Tercera: el presidente Santos es un líder estratégico, quien tuvo la ambición y la visión para sacar adelante el proceso de paz y la habilidad política para remover los múltiples obstáculos que surgieron en el camino. Pero al no ser un líder carismático, fue incapaz de construir una narrativa que le hiciera contrapeso a la del expresidente Uribe, quien usó la crisis de Venezuela como un espejo para persuadir a muchos colombianos de que el Acuerdo de Paz pavimentará el camino de Colombia hacia el castrochavismo.
Por último, está la realidad de que es Colombia en los hechos dos países: el urbano, donde vive la mayor parte de la población, y el rural, que es el que más ha sufrido la guerra con las Farc. Con algunas excepciones significativas, el país urbano fue indiferente ante la guerra; ahora lo es ante la paz.
Esto tiene razones: las vidas de los habitantes de la ciudad cambiarán poco y, en cambio, la inversión gubernamental priorizará ahora el campo y quienes han sido construidos –a punta de sus violaciones de derechos humanos– como los enemigos número uno del país tendrán voz y voto en las decisiones políticas.
Ahora que las Farc cumplieron su palabra de dejar las armas, es posible que con el tiempo el Estado y los grupos de poder colombianos cumplan su parte del acuerdo y hagan una megainversión para desarrollar el campo y democratizar la política. Esto ayudaría a que varios de los motivos para la actual desconfianza desaparezcan.
El problema para el presidente Santos es que cuenta con muy poco tiempo para recuperar la fe de su país. En 2018, Colombia tiene elecciones presidenciales y los precandidatos del expresidente Uribe ya han comenzado a hacer campaña con la promesa de modificar los acuerdos si ganan.

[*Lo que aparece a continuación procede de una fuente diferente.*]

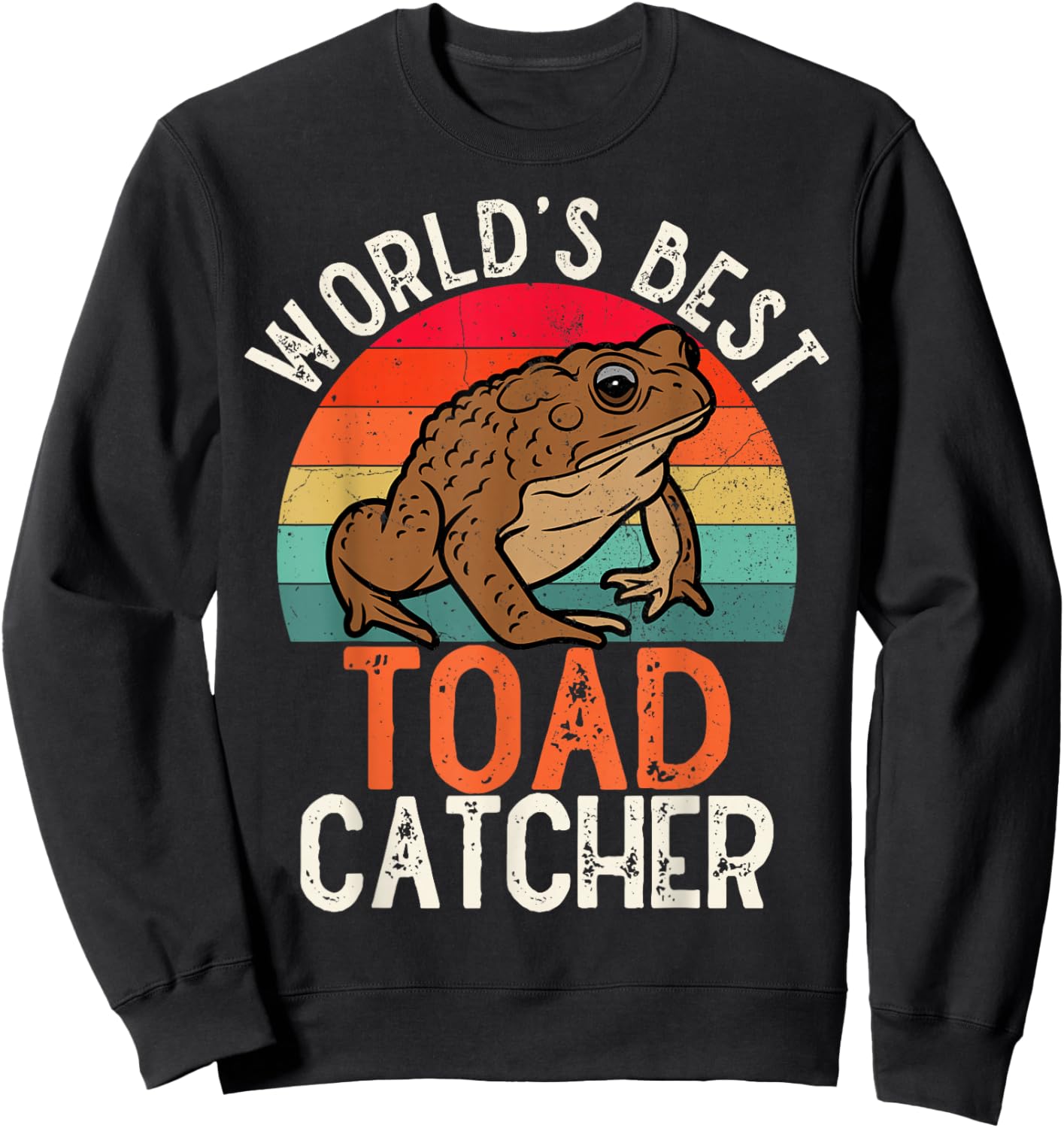 Worlds Best Toad Catcher Kids Boy Funny Amphibian Toad Sweatshirt - Sweatshirt | Black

Que los uribistas lo hagan después de haber promovido y ganado el No en el plebiscito era esperable. Lo sorprendente es que también personas muy allegadas al gobierno del mismo Santos hayan adoptado ese discurso.
Su exvicepresidente, Germán Vargas Lleras, uno de los candidatos que cuenta con mejores opciones para suceder a Santos, defiende la retórica revisionista, igual que Juan Carlos Pinzón, hasta hace poco embajador en Washington y quien aspira a ser el candidato del partido de Santos.
Esto presiona al presidente a acelerar la implementación de los acuerdos de paz para que la sociedad se apropie de sus beneficios y evite que los echen para atrás en un año. Pero a un Santos con muy poco oxígeno político, una situación económica difícil y un gobierno que no se ha destacado por su capacidad de ejecución, le será difícil pedirles a los colombianos que le digan Sí a lo que el año pasado dijeron No.
Ante el riesgo de que los intereses electorales se lleven por delante un logro tan impresionante como que los siete mil combatientes de las Farc hayan entregado 7132 armas y hayan creído en la palabra del presidente en el que tantos desconfían, le tocará ahora el turno a la sociedad civil organizada asumir el liderazgo para construir una paz duradera. No será fácil, pues todavía hay guerrillas y organizaciones criminales en muchos lugares del país. Pero ya con las Farc desarmadas, se abre un espacio mayor para construir un país más integrado con el campo, y en donde los disensos no se resuelvan a plomo.